Sorting in different ways (with the same index action)

I’ve got a puzzle question.

I’ve got a load of news_items that I find and sort by date in my
controller and then display in the view. Works just fine. I do this in
the index action.

It appears as tabular information, with column headings. As I say by
default I’m sorting by date.

What I’d like to do is after the list is rendered in the view, I’d like
to offer the user the ability to click on a different column heading to
sort by that column.

e.g. allow the user to sort by news_item.stock.sector

What I think I need is a link_to helper at the top for each column
heading to pass something back to the index action of the controller so
that I can repopulate the @news_items with a newly sorted list (as the
user clicks different column headings).

Am I on the right lines?

Can anyone help me do this?

Thanks

bb

Andreas W. wrote:

IMO you are on the right way. Pass a sort_by parameter to your index
action and use it as :order option for your News.find method…

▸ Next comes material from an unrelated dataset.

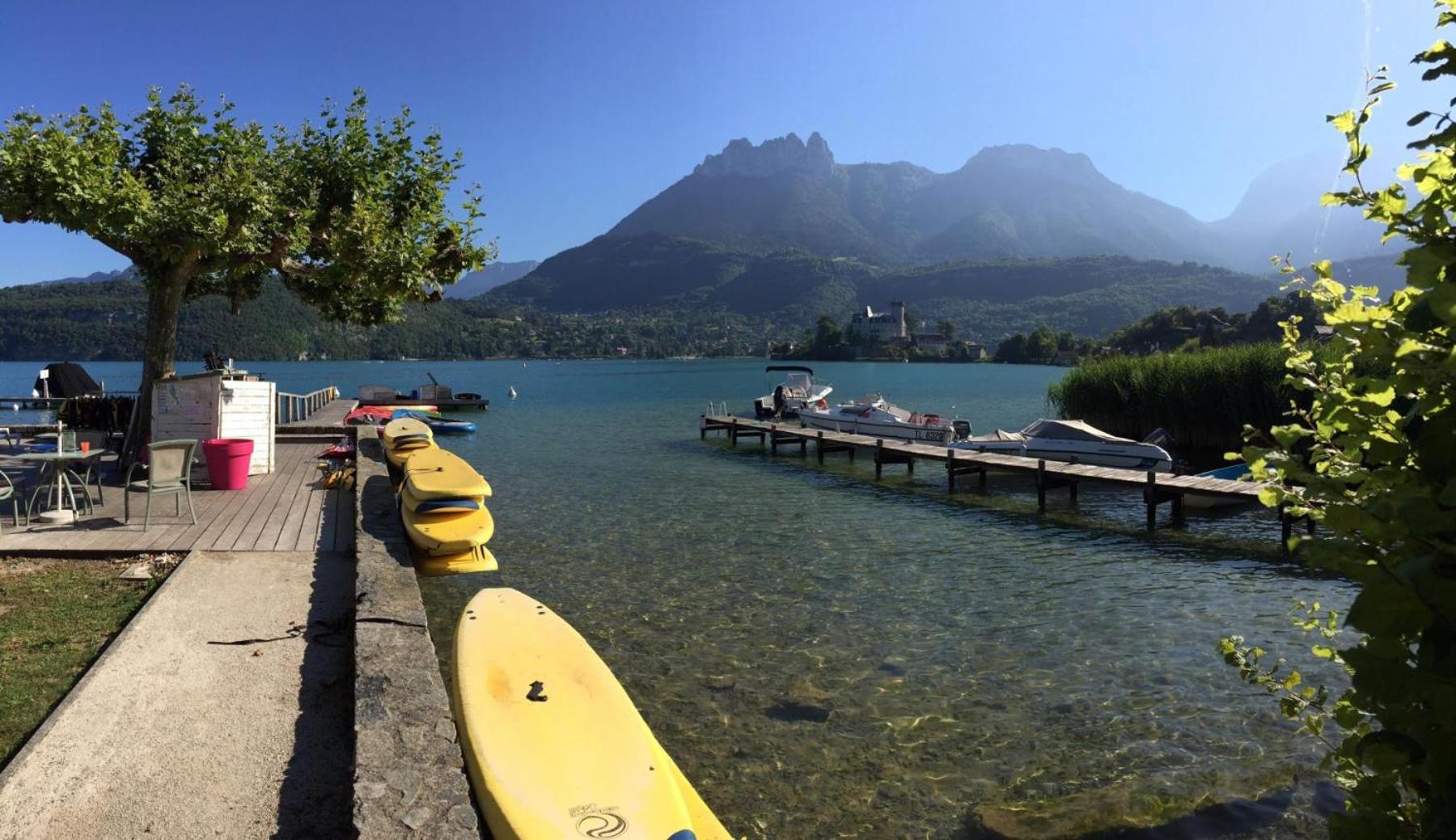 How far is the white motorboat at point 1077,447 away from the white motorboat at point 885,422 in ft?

OK that’s great, could I trouble you for a short example?

def index
if (the link_to has returned some :order)
find some stuff in some order
else if (the link_to has returned some :order)
find some stuff in some order
end
end

The above maybe better as a case?

IMO you are on the right way. Pass a sort_by parameter to your index
action and use it as :order option for your News.find method…

lg // andreas


DynamicDudes

Lightweight Ruby on Rails application development
http://dynamicdudes.com
http://rubyphunk.com

On Mon, Oct 20, 2008 at 4:14 PM, bingo bob

Any chance you could show me how you’d do the link_to in the view to
pass the param?

For sure…

def index
if params[:sort_by]
News.find(… , :order => params[:sort_by])
else
News.find(…)
end
end

You could even use the shorter version

def index
News.find(…, :order => params[:sort_by])
end

which passes nil (order by id) or the value of :sort_by to the :order
option…

lg // andreas


DynamicDudes

Lightweight Ruby on Rails application development
http://dynamicdudes.com
http://rubyphunk.com

On Mon, Oct 20, 2008 at 5:05 PM, bingo bob

Roy P. wrote:

I use this helper:

def sort_link(show_text, sort_by)
link_to show_text, {:action => ‘index’, :order_by => sort_by},
:class => ‘big-link’, :title => “Sort by #{show_text}”
end

OK great, how would i invoke that in a view and what might the
controller piece look like?

I use this helper:

def sort_link(show_text, sort_by)
link_to show_text, {:action => ‘index’, :order_by => sort_by},
:class => ‘big-link’, :title => “Sort by #{show_text}”
end

One thing I haven’t done & would like to is to have the app ‘remember’
what the previous sort order was, so that users can toggle the
ascending/descending nature of the sort.

In my view I’ve got:

<%= sort_link('Name', 'name') %> <%= sort_link('Grant number', 'grant_number') %> <%= sort_link('Status', 'status_id') %>

The controller starts out with:

def index
order_by = params[:order_by] || ‘name’
@projects = Project.find(:all, :order => order_by)

HTH,

-Roy

Thanks, this is great. It works and I can see the value of the helper!
Makes the controller code so much easier. Seem “right”.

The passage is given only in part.